Nathaniel looks up at me. “What about you?”
· · ·
Shortly after Dr. Robichaud, Nathaniel’s psychiatrist, takes the stand, Quentin Brown is on his feet to object. “Your Honor, what does this witness have to offer?”
“Judge, this goes to my client’s state of mind,” Fisher argues. “The information she received from Dr. Robichaud regarding her son’s declining condition was highly relevant to her mental status on October thirtieth.”
“I’ll allow it,” Judge Neal rules.
“Doctor, have you treated other children who were rendered mute after sexual abuse?” Fisher asks.
“Yes, unfortunately.”
“In some of these cases, do children never regain their voices?”
“It can take years.”
“Did you have any way of knowing whether this would be a long-term condition for Nathaniel Frost?”
“No,” Dr. Robichaud says. “In fact, that was why I began to teach him rudimentary sign language. He was becoming frustrated with his inability to communicate.”
“Did it help?”
“For a while,” the psychiatrist admits. “Then he began talking again.”
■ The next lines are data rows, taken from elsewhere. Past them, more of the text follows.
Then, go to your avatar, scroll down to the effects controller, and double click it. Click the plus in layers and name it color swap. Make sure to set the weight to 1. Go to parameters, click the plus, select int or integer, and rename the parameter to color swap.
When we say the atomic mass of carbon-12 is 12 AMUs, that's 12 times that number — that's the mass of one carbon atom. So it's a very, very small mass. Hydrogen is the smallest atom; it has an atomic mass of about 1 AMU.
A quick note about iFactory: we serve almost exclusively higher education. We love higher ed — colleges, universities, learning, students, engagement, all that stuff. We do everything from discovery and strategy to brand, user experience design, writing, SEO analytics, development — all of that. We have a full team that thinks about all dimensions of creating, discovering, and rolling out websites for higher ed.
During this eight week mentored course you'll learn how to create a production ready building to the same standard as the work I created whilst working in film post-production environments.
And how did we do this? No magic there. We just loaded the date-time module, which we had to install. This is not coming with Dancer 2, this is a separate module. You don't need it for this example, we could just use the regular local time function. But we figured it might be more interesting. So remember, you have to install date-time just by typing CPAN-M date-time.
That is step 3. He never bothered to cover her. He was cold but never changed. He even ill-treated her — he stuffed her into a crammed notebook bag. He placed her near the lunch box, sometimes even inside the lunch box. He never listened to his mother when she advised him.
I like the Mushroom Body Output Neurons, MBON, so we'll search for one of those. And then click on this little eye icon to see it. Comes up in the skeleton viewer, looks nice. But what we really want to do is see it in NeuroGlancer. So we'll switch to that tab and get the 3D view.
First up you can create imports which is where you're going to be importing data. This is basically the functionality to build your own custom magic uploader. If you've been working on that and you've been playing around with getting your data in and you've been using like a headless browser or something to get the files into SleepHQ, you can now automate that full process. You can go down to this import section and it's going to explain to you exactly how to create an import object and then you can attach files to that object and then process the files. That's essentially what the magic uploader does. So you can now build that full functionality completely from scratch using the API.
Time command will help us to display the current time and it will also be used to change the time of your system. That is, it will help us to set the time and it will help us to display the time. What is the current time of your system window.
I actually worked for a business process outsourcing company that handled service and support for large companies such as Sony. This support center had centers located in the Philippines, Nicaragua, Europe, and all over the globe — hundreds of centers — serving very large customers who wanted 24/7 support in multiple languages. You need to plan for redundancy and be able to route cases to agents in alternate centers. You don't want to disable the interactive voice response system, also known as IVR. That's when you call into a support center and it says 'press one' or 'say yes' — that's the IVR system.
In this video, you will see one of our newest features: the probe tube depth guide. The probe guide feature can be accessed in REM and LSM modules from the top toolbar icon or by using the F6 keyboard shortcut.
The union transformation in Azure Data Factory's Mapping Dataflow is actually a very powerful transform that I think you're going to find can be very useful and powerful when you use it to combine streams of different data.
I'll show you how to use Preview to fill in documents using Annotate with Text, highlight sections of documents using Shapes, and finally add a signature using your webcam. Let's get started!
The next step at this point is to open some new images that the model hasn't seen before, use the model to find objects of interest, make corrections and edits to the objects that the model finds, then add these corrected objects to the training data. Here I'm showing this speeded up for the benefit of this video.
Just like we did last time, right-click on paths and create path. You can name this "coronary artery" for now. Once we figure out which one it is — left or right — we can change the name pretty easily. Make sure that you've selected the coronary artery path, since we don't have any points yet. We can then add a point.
“Was the progress steady?”
“No. It broke down when Nathaniel lost contact with Mrs. Frost for a week.”
“Do you know why?”
“I understood she was charged with violating her bail conditions and was imprisoned.”
“Did you see Nathaniel during the week that his mother was in jail?”
“Yes, I did. Mr. Frost brought him in, quite upset that the child was no longer speaking. He’d regressed to the point where all he would sign for was his mother.”
“In your opinion, what caused that regression?”
“Clearly, it was the sudden and prolonged separation from Mrs. Frost,” Dr. Robichaud says.
“How did Nathaniel’s condition change when his mother was released again?”
“He cried out for her.” The psychiatrist smiles. “A joyful noise.”
“And, Doctor, were he to undergo a sudden and prolonged separation from his mother again … what do you think the likely outcome would be for Nathaniel?”
“Objection!” Quentin calls.
“Withdrawn.”
Moments later, the prosecutor stands up to cross-examine. “In dealing with five-year-olds, Doctor, don’t you find that they often become confused about events?”
“Absolutely. That’s why courts have competency hearings, Mr. Brown.”
At the very mention, Judge Neal gives him a warning glance. “Dr. Robichaud, in your experience, court cases of this type take several months to several years to come to trial, don’t they?”
“Yes.”
“And the developmental difference between a five-year-old and a seven-year-old is significant, isn’t it?”
“Definitely.”
“In fact, haven’t you treated children who seemed like they might have trouble testifying when they first came to you … yet a year or two later—after therapy and time had healed them a bit—they were able to take the stand without a setback?”
“Yes.”
“Isn’t it true that you have no way of predicting whether Nathaniel would have been able to testify a few years from now without it causing significant psychological harm?”
“No, there’s no way to say what might have happened in the future.”
Quentin turns toward me. “As a prosecutor, Mrs. Frost would certainly be aware of this time lag for court appearances, don’t you think?”